Description of the task: The entries below contain pictures, which are to be left out; write out exactly, and only, the lines from the line with "Two Indian men" up to and including the line with "Two architects discuss".

Data:

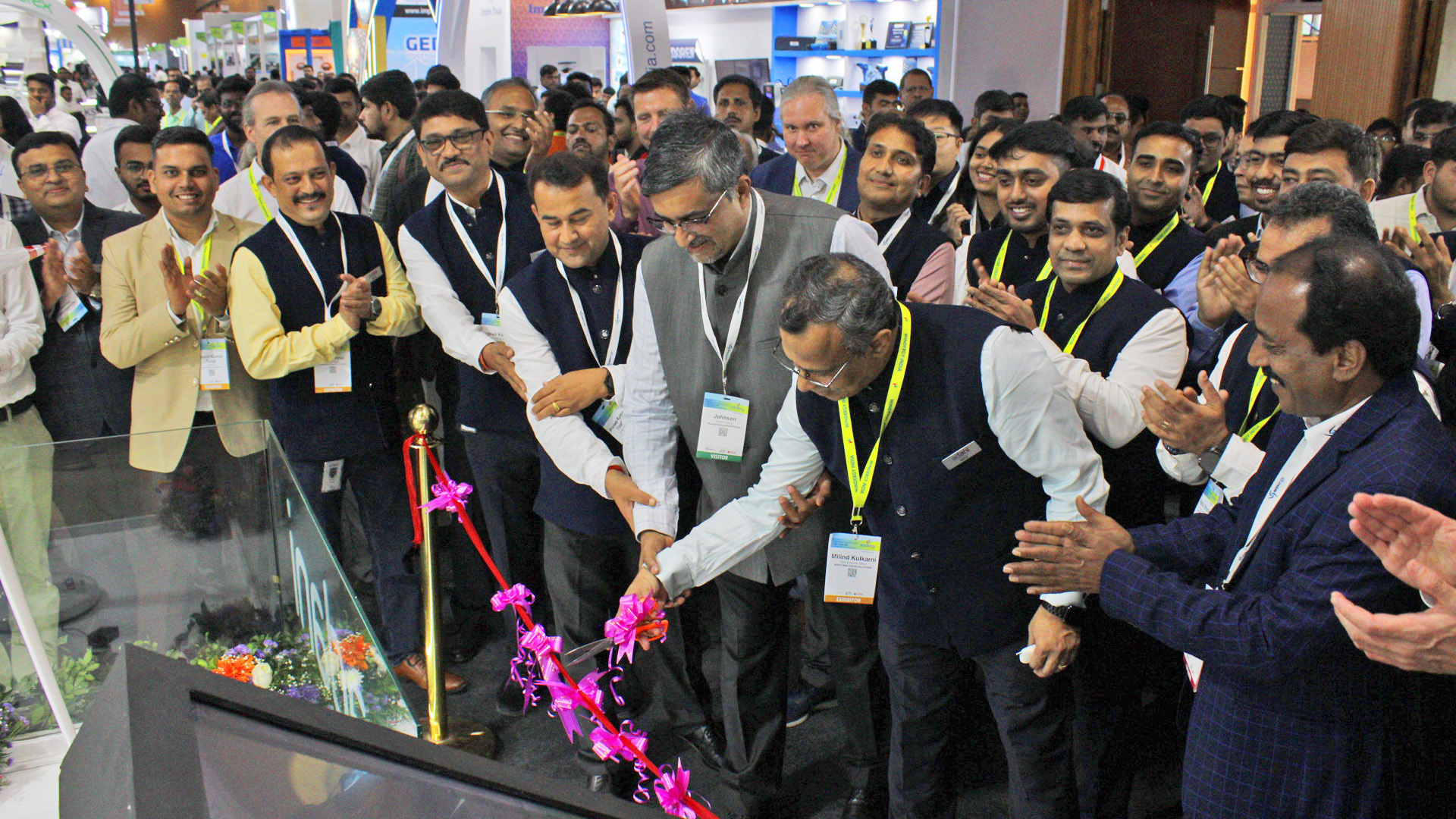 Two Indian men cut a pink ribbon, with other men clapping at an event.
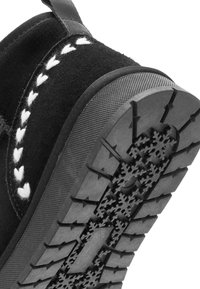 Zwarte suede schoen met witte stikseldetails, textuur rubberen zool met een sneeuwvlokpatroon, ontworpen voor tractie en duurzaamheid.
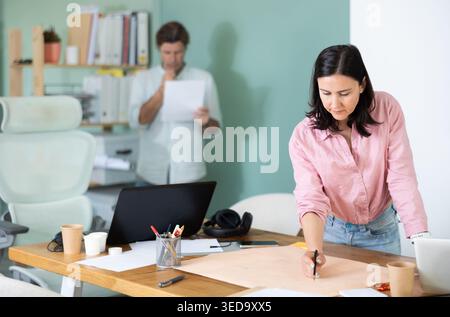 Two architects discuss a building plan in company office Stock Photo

---

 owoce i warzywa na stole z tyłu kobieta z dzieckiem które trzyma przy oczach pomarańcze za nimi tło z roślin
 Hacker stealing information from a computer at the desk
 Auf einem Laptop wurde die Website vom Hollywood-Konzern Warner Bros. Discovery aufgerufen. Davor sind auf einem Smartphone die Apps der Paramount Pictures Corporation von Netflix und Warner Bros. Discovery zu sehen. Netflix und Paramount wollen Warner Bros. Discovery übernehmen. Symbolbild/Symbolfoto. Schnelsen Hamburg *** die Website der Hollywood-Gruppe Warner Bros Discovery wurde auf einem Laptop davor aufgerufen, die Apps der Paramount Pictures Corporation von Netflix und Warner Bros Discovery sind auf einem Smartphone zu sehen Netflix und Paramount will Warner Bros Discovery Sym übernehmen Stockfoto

Final answer:
 Two Indian men cut a pink ribbon, with other men clapping at an event.
 Zwarte suede schoen met witte stikseldetails, textuur rubberen zool met een sneeuwvlokpatroon, ontworpen voor tractie en duurzaamheid.
 Two architects discuss a building plan in company office Stock Photo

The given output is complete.